Different factors can account for the variability across miRNA studies including methodological heterogeneity, conditions of sample collection and storage, differences in miRNA purification protocols and miRNA normalization strategies, and environmental influences [27, 53, 54]. In our study, the methodology for collection and sample processing employed by the two centers was similar. The fact that the expression levels of two housekeeping miRNAs (miR-106a-5p and miR-17) were stable between cohorts suggests that the lack of reproducibility observed for miR-34a-5p and miR-545-3p miRNAs may not be related with technical issues such as sample collection and processing.

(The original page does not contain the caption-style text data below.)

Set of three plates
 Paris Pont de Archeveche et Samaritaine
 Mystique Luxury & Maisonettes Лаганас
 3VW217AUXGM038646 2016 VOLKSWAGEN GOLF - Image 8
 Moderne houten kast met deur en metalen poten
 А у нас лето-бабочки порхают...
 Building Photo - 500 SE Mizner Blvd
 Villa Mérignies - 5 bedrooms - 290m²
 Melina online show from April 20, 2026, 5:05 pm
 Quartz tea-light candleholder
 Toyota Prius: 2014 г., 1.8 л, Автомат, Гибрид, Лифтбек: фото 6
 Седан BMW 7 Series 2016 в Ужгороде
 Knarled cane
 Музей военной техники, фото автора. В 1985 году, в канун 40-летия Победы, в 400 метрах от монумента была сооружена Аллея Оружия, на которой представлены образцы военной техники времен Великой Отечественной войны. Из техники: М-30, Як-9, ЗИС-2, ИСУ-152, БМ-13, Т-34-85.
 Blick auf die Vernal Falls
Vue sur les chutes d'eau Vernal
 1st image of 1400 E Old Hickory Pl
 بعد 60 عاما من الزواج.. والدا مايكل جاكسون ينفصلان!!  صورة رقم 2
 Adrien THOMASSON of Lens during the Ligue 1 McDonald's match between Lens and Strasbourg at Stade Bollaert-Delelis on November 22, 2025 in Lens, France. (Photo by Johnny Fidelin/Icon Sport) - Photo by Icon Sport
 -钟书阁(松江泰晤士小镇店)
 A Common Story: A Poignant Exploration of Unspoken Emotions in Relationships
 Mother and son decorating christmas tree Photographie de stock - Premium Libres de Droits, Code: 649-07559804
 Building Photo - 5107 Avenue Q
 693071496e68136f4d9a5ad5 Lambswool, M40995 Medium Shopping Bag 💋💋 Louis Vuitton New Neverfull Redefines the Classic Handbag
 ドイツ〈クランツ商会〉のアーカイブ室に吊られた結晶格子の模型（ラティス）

One of the main differences between cohorts was their mean age, which in cohort 2 was significantly younger than in all previous studies examining miRNA alterations in AD, including our cohort 1. Several evidences indicate that age is a critical variable to consider when defining thresholds or cut-off values for some biomarkers. Van Harten et al. have recently proposed that differences in age could be underlying non-reproducible results among miRNA biomarker studies in AD [88, 89], and Kester et al. found that the association of Aβ42, t-tau, and p-tau CSF levels with APOE genotype is modified by age in both controls and AD patients [90]. Similarly, biomarkers such as t-tau or prostate-specific antigen (PSA) are adjusted for age [91, 92]. On the other hand, as reviewed by many authors [9398], multiple studies have shown that miRNA expression is altered following exposure to environmental factors. Some of these factors include sensorial elements such as light, noise or odors, physical activity, diet, environmental contaminants such as lead or aluminum, drugs such as alcohol or nicotine, and psychological stressors such as chronic social stress. Figure 4 summarizes findings, proposed mechanisms, and current limitations discussed here.

Fig. 4
figure 4

miR-34a-5p and miR-545-3p as potential biomarkers for AD: a summary of proposed mechanisms and limitations. Both miR-34a-5p and miR-545-3p showed decreased levels in plasma from clinical and preclinical AD subjects in cohort 1, indicating their potential value as early AD biomarkers. Both miRNAs are involved in synaptic and energy metabolism, Aβ production and clearance, and apoptosis (summary of the corresponding targets indicated in squares). A downregulation of both miRNAs in AD plasma samples and in CSF in the case of miR-34a-5p has been reported in different studies, including ours [38, 43, 65, 68]. A downregulation of its targets together with an upregulation of the miRNA itself in the case of miR-34a-5p has been observed in brain from AD patients. Notably, inversed alterations in biological fluids compared with brain levels have also been reported for other AD and other neurological disorder biomarkers [38, 86, 87]. The lack of reproducibility in cohort 2 indicates that the conditions of sample processing across hospitals as well as the contribution of several individual variables (such as age, genetic, health, and environmental factors) need to be further characterized to determine the accuracy of these miRNAs as early biomarkers for AD. The possibility of a mechanism involving disruption in the secretion or clearance systems for these miRNAs leading to their accumulation in brain and the reduction of their levels in plasma warrants further studies. PPP, pentose phosphate pathway; ETC, electron transport chain

Secondary prevention is based on low specificity and low cost biomarkers that allow the detection of preclinical subjects [3, 4, 99]. Accordingly, here, we propose plasma levels of miR-34a-5p and miR-545-3p, both involved in AD pathogenesis, as potential early biomarkers of the disease. Further studies are required to better explore the influence of individual and environmental factors on the alterations of these miRNAs. Advances in this field will help develop blood-based biomarker tests for early detection of AD as valuable tools for the delay of the disease progression [3, 4, 99].